▶ [Problem statement]: Look below for the line containing "InitialContext ctx = new InitialContext();". Reproduce it and every line after it exactly, and nothing more.
=== Given records ===
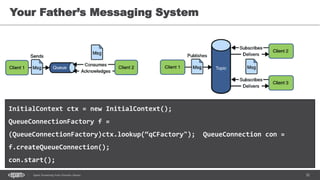 32Spark Streaming from Zinoviev Alexey
Your Father’s Messaging System
InitialContext ctx = new InitialContext();
QueueConnectionFactory f =
(QueueConnectionFactory)ctx.lookup(“qCFactory"); QueueConnection con =
f.createQueueConnection();
con.start();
===
▶ [Response]:
InitialContext ctx = new InitialContext();
QueueConnectionFactory f =
(QueueConnectionFactory)ctx.lookup(“qCFactory"); QueueConnection con =
f.createQueueConnection();
con.start();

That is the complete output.